Тут у Бранда изменилось выражение лица. Показалось, что он сейчас нападет на сына, но вдруг крепко обнял его. Теперь Хродмар не верил: отец никогда не прижимал его к себе, так крепко и так гордо, по-настоящему дорожа. Бранд сказал сыну:
– Не ожидал я от тебя такого, ты молодец…
Последнее слово он, правда, слегка проглотил, потом собрался поскорей выйти. Что-то вспомнив, он остановился в дверном проеме и добавил, что сегодня прибыл в гавань ярл Сидрок, а значит скоро всех созовут на тинг, и вышел.
Братья отошли в сторону, и Ингольв негромко сказал брату:
– Отец тебя похвалил, все идет на лад, ну, ты рад?

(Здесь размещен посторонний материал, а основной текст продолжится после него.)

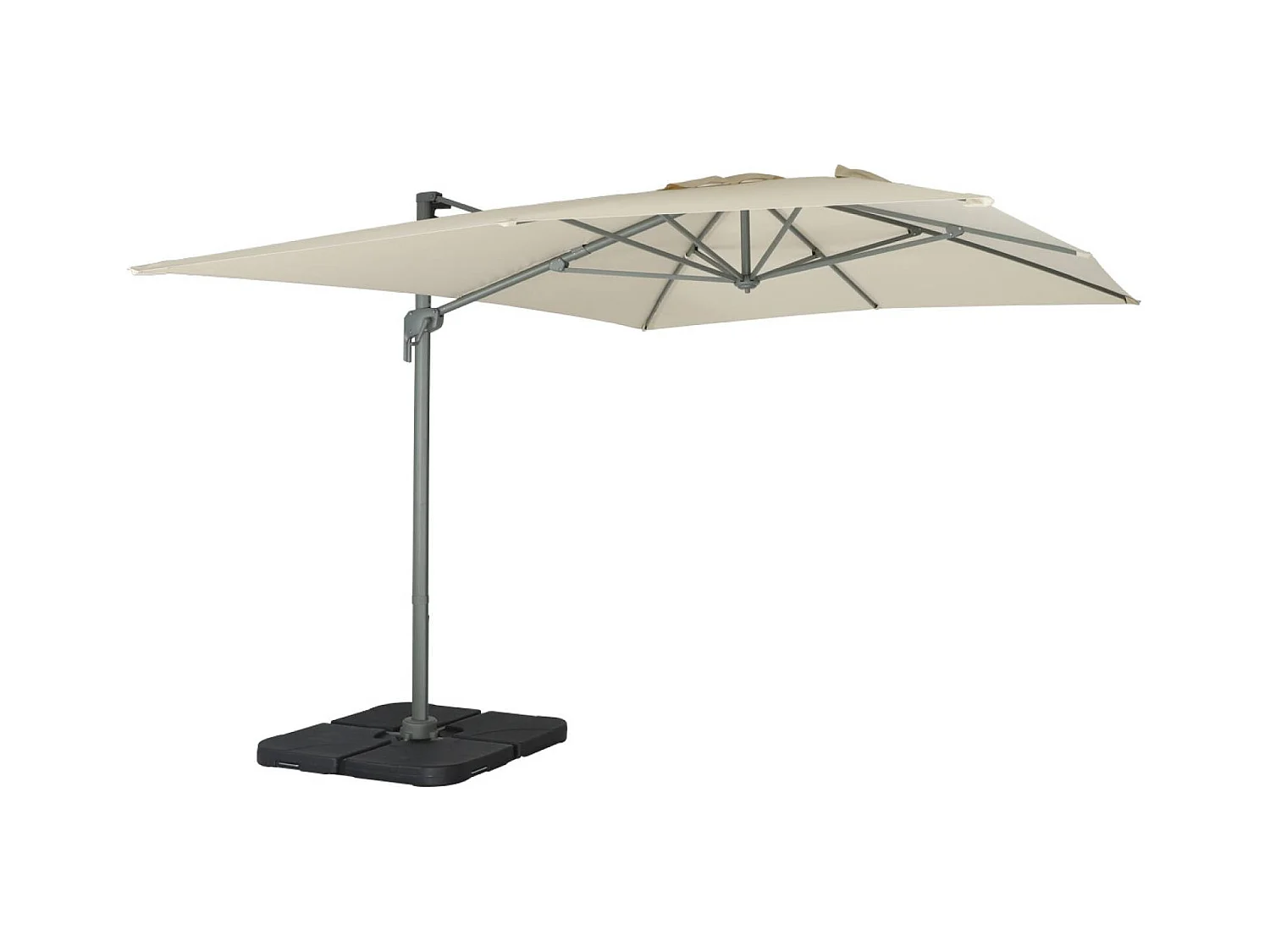 Parasol déporté rectangulaire 3x4m – Antibes – écru – parasol déporté. inclinable. rabattable et rotatif à 360°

Хродмар улыбнулся и тут же зажался. Он всю жизнь жаждал похвалы отца и наконец дождался, но топор… топор-то был выкован не его руками, пришлось ведь соврать.
– Я же соврал…
– Тебе не впервой, – заметил Ингольв, – принимай, что дают, не теряй себя и тебе воздастся.

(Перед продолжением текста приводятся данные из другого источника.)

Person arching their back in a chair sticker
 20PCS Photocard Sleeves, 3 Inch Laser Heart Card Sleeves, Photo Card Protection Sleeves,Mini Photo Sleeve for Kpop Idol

В дом вошла Лауга, тоже удивленная: она не помнила, когда последний раз видела отца радостным. Скупая на чувства, она тоже, заметив секиру, не смогла не похвалить брата за плод «его» трудов. Тут Хродмар вытянул лицо:
– Это ты мне? Ты не заболела?
Лауга сама от себя подобного не ожидала и вместо того, чтобы поддеть брата, убежала.
Тут кузнец заметил, как сдержанность Ингольва, которая его всегда раздражала куда-то испарилась. Ингольв проводил Лаугу неравнодушным взглядом, и Хродмар усмотрел в этом что-то ему до боли знакомое. Ухмыльнувшись, он дернул бровью:
– А я думал ты только на волчьи задницы поглядываешь!
– Чего? – не понял плоской шутки Ингольв.
– Какой бабе мимо не пройти, тебе ни жарко, ни холодно, а вот как сестрица моя вильнет рядышком хвостом, так не поленишься бросить на нее свой волчий взгляд! – поддел брата Хродмар и завыл, как ненасытный волк.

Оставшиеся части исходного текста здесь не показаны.